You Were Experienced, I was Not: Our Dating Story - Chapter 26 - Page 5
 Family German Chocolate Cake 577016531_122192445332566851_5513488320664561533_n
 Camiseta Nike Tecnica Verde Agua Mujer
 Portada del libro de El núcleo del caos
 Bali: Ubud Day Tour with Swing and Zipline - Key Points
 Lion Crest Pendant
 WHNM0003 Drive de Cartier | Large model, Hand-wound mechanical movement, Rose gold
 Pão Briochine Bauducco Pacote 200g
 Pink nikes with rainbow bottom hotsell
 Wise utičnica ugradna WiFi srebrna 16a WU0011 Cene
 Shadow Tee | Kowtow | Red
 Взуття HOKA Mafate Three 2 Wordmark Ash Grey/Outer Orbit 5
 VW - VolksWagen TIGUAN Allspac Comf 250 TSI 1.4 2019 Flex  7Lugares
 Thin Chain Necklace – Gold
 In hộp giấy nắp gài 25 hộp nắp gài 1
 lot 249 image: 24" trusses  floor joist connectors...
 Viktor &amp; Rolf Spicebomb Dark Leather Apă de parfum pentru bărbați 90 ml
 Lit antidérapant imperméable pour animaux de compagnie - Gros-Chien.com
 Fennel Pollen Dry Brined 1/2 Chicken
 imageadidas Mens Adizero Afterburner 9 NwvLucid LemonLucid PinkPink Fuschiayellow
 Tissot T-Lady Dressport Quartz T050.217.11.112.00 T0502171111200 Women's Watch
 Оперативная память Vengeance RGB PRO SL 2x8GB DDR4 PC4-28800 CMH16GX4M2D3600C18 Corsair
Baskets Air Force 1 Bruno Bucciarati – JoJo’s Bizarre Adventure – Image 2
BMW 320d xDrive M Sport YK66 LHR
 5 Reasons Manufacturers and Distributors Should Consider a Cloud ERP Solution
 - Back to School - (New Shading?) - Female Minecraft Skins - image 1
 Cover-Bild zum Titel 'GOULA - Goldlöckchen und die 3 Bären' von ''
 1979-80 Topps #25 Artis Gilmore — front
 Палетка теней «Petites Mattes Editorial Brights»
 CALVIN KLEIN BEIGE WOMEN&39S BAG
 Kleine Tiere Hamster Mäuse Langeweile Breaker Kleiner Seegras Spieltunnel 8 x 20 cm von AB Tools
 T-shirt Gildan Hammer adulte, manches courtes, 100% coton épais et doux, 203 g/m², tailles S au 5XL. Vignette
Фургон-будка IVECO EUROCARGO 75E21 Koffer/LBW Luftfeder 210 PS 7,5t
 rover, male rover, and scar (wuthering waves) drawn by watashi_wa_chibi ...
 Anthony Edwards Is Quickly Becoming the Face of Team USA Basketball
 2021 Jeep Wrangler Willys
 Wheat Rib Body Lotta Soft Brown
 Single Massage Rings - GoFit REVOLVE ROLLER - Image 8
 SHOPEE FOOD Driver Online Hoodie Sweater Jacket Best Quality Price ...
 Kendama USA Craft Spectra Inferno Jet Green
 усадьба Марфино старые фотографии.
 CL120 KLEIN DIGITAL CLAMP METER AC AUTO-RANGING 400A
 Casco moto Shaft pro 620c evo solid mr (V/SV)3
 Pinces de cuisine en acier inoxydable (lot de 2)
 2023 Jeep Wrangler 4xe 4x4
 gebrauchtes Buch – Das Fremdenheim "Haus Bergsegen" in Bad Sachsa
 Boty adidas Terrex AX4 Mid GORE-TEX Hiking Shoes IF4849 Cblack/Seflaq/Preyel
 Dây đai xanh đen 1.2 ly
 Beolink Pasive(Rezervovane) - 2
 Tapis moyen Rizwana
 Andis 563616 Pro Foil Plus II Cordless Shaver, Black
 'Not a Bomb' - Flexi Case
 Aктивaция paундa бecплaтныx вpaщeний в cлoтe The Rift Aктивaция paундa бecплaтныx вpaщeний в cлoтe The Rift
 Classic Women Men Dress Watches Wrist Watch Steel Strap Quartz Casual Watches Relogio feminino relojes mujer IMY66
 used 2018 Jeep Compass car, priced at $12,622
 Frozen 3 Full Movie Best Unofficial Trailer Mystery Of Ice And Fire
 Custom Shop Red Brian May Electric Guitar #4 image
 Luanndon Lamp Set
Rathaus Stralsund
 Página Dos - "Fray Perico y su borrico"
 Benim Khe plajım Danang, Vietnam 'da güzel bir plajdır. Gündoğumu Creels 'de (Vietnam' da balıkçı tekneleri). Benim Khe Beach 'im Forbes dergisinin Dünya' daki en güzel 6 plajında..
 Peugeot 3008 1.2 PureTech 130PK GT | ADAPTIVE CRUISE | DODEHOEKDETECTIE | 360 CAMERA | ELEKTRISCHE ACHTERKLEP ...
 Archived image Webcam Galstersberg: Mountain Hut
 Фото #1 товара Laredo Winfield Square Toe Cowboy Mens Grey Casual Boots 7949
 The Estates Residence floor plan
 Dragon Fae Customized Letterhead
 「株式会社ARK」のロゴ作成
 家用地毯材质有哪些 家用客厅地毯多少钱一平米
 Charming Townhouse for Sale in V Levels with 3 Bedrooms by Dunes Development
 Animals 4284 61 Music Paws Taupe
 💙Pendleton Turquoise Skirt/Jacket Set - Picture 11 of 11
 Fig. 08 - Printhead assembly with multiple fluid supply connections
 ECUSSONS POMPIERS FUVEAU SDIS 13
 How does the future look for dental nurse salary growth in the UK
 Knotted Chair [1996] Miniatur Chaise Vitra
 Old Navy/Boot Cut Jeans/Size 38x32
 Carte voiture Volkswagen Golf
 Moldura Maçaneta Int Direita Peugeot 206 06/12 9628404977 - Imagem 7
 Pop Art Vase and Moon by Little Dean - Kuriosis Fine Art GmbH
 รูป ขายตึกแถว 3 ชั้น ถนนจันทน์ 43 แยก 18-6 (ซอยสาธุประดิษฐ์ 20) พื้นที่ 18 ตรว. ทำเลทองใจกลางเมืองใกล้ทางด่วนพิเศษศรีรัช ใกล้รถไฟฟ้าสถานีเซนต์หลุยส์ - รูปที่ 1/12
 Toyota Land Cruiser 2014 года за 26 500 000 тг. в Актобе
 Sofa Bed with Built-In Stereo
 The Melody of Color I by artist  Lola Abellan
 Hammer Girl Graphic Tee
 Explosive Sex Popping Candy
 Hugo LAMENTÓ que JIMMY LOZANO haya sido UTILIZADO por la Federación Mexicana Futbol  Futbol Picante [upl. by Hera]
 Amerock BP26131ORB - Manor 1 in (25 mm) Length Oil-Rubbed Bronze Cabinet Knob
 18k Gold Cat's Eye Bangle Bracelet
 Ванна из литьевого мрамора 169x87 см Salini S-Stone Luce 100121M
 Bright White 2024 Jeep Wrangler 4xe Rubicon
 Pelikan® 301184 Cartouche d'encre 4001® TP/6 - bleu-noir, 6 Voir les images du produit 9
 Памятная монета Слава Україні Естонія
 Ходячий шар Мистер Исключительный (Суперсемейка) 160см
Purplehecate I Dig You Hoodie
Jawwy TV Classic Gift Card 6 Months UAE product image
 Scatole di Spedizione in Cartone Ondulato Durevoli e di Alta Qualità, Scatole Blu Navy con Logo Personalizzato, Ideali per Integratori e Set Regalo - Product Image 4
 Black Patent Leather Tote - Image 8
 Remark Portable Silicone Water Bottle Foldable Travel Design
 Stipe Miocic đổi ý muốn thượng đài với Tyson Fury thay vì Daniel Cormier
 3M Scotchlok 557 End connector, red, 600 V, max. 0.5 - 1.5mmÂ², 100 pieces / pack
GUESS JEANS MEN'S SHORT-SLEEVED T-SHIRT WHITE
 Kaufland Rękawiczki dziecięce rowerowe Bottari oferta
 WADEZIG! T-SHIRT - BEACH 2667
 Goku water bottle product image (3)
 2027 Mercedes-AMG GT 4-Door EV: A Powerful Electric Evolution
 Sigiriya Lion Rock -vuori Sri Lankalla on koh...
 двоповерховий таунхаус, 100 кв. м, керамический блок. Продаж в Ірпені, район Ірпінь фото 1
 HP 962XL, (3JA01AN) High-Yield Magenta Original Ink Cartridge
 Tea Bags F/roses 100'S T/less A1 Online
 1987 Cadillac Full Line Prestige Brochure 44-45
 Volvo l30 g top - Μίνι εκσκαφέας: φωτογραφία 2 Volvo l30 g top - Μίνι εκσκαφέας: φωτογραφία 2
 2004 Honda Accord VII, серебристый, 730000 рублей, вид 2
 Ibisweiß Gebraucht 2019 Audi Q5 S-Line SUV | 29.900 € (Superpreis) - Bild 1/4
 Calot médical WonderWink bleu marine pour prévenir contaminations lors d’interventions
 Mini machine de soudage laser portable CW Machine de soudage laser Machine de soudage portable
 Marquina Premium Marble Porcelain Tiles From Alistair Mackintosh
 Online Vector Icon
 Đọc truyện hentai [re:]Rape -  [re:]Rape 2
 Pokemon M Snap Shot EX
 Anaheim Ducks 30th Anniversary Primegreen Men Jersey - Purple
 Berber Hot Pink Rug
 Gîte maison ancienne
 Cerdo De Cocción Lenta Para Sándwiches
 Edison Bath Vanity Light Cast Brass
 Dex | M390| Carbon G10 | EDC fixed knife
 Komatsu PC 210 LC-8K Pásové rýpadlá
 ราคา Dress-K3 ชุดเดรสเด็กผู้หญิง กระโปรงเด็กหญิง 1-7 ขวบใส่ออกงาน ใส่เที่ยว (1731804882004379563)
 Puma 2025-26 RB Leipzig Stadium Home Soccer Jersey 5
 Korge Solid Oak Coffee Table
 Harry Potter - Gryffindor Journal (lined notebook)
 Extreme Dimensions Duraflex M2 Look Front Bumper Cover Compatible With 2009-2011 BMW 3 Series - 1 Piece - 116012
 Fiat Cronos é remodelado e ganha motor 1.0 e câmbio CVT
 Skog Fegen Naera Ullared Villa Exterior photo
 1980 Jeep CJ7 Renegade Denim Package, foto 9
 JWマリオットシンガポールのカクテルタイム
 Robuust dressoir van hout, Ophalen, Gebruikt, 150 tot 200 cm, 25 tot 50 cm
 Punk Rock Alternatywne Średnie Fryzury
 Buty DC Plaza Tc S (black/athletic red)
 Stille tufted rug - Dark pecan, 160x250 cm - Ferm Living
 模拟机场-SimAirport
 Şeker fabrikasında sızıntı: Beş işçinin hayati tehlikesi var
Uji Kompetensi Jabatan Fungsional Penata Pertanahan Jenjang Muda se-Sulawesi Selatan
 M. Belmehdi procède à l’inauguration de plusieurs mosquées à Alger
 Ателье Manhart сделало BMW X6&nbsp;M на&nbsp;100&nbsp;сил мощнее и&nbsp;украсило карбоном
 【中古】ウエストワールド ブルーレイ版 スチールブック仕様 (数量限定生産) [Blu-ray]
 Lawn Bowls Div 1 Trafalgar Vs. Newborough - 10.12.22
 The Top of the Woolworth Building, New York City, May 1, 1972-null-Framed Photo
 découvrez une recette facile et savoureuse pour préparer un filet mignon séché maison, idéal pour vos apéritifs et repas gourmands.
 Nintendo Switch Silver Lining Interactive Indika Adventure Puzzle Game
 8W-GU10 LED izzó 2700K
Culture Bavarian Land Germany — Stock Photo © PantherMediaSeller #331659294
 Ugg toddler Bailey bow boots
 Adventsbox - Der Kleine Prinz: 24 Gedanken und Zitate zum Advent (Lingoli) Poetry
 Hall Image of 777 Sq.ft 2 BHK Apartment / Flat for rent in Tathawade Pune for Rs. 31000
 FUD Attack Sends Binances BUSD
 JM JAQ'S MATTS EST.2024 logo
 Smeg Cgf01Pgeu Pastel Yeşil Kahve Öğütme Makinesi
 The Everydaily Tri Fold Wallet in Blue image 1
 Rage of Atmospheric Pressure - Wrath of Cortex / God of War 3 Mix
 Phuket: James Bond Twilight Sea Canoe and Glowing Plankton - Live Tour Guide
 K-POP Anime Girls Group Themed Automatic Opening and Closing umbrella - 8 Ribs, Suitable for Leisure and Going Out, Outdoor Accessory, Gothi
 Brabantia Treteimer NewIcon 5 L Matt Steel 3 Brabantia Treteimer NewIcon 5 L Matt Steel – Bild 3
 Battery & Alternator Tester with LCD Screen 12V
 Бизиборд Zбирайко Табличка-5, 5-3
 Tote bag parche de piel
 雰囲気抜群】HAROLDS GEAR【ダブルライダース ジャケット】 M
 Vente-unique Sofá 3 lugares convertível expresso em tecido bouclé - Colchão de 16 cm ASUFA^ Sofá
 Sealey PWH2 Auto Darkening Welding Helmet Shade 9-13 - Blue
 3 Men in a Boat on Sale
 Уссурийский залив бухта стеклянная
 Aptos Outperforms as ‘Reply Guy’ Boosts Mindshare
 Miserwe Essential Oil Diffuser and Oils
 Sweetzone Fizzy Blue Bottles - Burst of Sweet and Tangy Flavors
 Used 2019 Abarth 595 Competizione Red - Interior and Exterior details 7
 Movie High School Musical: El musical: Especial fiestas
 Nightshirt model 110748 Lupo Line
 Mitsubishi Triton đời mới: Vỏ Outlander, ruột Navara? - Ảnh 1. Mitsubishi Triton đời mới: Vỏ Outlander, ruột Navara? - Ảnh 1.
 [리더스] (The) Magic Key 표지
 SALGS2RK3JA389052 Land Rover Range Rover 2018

• • • •

• Exercise directions:
Could you return exactly the stretch of the data above that starts at the line with "Tapis moyen Rizwana" and ends at the line with "Fig. 08 - Printhead", both lines included?

• Reply to the task:
 Tapis moyen Rizwana
 Andis 563616 Pro Foil Plus II Cordless Shaver, Black
 'Not a Bomb' - Flexi Case
 Aктивaция paундa бecплaтныx вpaщeний в cлoтe The Rift Aктивaция paундa бecплaтныx вpaщeний в cлoтe The Rift
 Classic Women Men Dress Watches Wrist Watch Steel Strap Quartz Casual Watches Relogio feminino relojes mujer IMY66
 used 2018 Jeep Compass car, priced at $12,622
 Frozen 3 Full Movie Best Unofficial Trailer Mystery Of Ice And Fire
 Custom Shop Red Brian May Electric Guitar #4 image
 Luanndon Lamp Set
Rathaus Stralsund
 Página Dos - "Fray Perico y su borrico"
 Benim Khe plajım Danang, Vietnam 'da güzel bir plajdır. Gündoğumu Creels 'de (Vietnam' da balıkçı tekneleri). Benim Khe Beach 'im Forbes dergisinin Dünya' daki en güzel 6 plajında..
 Peugeot 3008 1.2 PureTech 130PK GT | ADAPTIVE CRUISE | DODEHOEKDETECTIE | 360 CAMERA | ELEKTRISCHE ACHTERKLEP ...
 Archived image Webcam Galstersberg: Mountain Hut
 Фото #1 товара Laredo Winfield Square Toe Cowboy Mens Grey Casual Boots 7949
 The Estates Residence floor plan
 Dragon Fae Customized Letterhead
 「株式会社ARK」のロゴ作成
 家用地毯材质有哪些 家用客厅地毯多少钱一平米
 Charming Townhouse for Sale in V Levels with 3 Bedrooms by Dunes Development
 Animals 4284 61 Music Paws Taupe
 💙Pendleton Turquoise Skirt/Jacket Set - Picture 11 of 11
 Fig. 08 - Printhead assembly with multiple fluid supply connections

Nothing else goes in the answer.